Dataset extract.
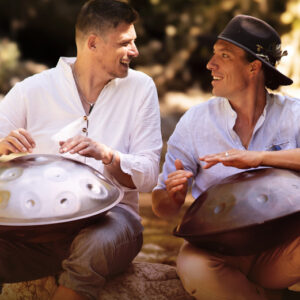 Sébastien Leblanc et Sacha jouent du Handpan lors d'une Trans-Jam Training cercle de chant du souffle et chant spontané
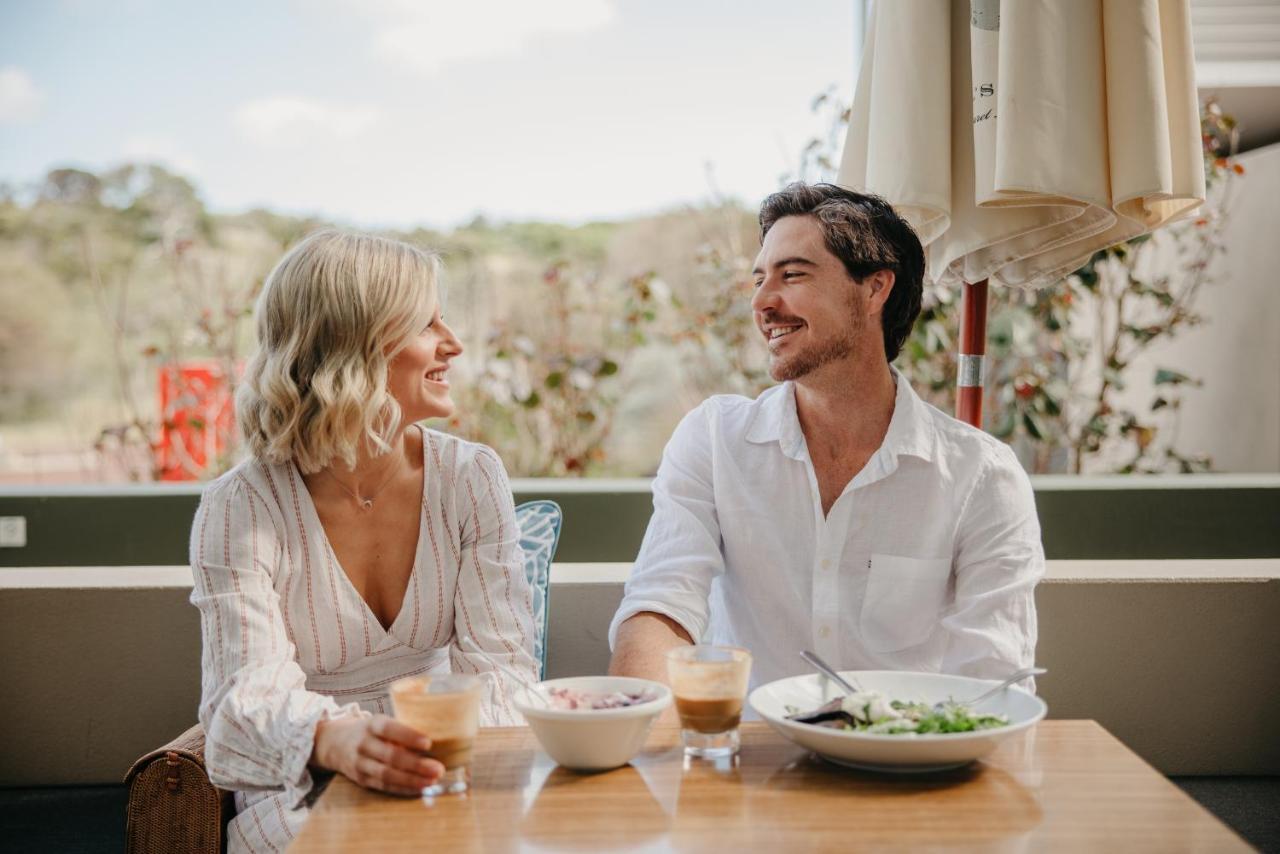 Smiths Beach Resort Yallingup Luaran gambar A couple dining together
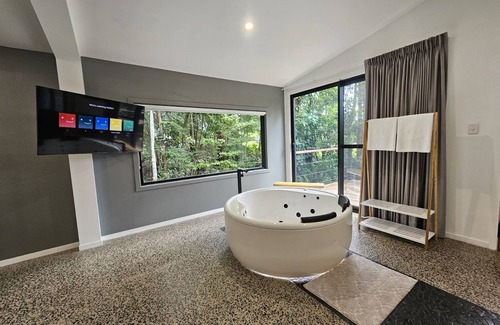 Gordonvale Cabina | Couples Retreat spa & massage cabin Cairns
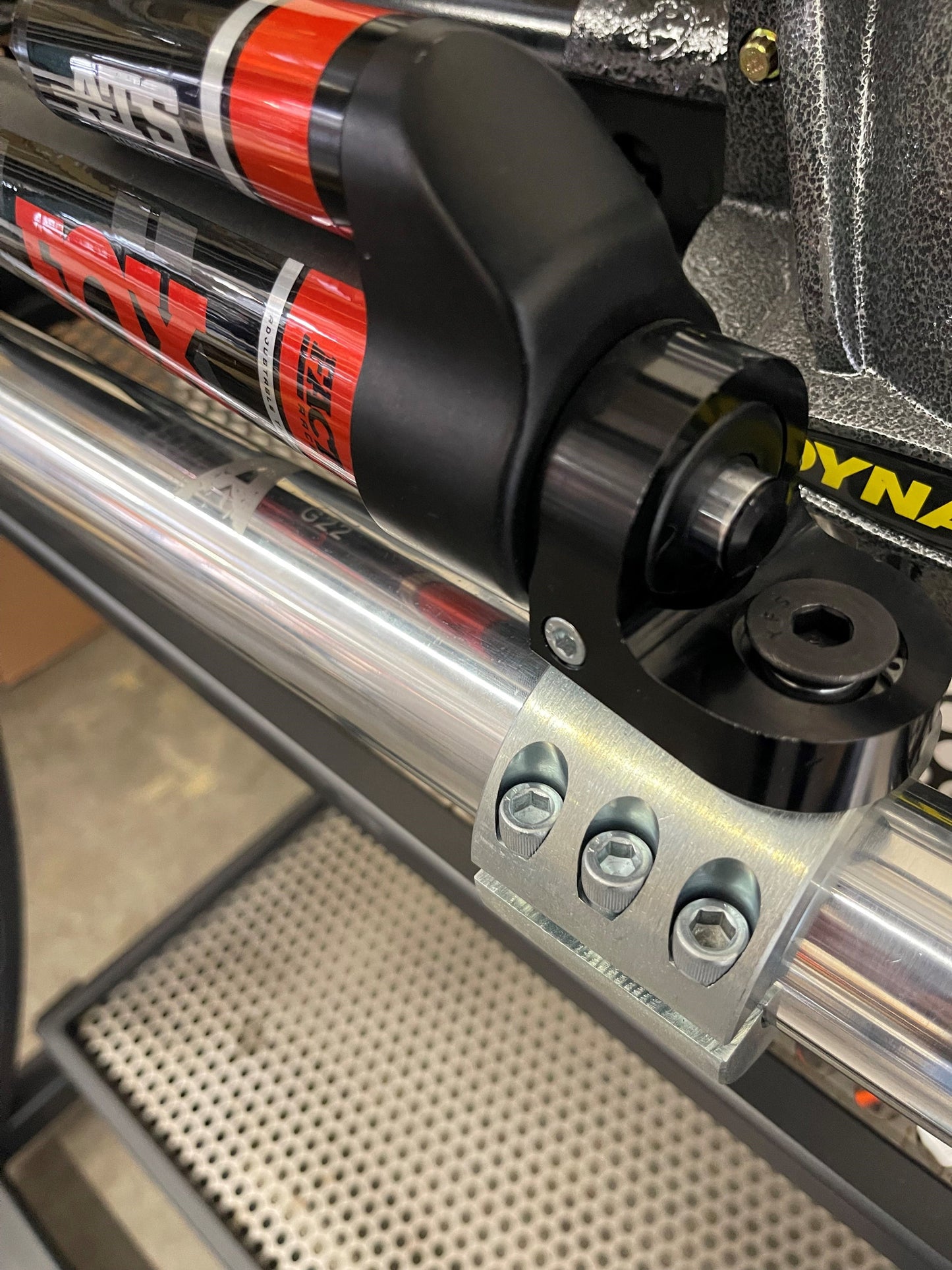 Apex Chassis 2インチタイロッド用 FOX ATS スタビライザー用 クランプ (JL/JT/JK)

Directions for this task. From the line holding "Gordonvale Cabina |" to the final line of the data above, give each line again exactly, both ends included, and drop the pictures.

Output of the task.
 Gordonvale Cabina | Couples Retreat spa & massage cabin Cairns
 Apex Chassis 2インチタイロッド用 FOX ATS スタビライザー用 クランプ (JL/JT/JK)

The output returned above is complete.